Jakob Nielsen has a list of dos and don'ts for blog authors. Some of them matter more than others, and some depend a lot on the context of your blogging. For instance - the "own your own domain name" one.
That depends on what you are trying to accomplish. Me? I'm evangelizing Cincom Smalltalk (and ranting about things in the industry that cross my view). Given the evangelism aspect, it makes sense more me to be blogging on a Cincom server - my goal is to build the Smalltalk community. How important the domain is depends a lot on your goals.
Another one of his suggestions popped at me as problematic as well:
Many weblog authors seem to think it's cool to write link anchors like: "some people think" or "there's more here and here." Remember one of the basics of the Web: Life is too short to click on an unknown. Tell people where they're going and what they'll find at the other end of the link.

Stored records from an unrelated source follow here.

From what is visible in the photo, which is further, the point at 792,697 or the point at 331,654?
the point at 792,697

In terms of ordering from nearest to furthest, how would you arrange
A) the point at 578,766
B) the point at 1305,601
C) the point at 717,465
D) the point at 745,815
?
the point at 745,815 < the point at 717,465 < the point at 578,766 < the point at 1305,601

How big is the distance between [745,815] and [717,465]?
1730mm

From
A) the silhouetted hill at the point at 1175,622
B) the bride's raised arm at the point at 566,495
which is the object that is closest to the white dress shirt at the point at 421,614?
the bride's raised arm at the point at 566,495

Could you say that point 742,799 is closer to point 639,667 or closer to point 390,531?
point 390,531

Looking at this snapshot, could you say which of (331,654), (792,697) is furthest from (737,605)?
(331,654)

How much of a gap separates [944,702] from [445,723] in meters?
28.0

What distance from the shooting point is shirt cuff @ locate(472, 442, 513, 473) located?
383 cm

You have to "go with the flow" of blogging on this one. An awful lot (most) of what is written on blogs is extremely temporal - it's very much based in the now. Which means that for the person reading about the latest kerfuffle (technical, political, whatever) - they get the context. It's very unlikely that anyone will care that deeply in a month, much less a few years.
Much of the rest of what he wrote is good stuff though - have a look, and see what you think. In this area, it's definitely a YMMV thing.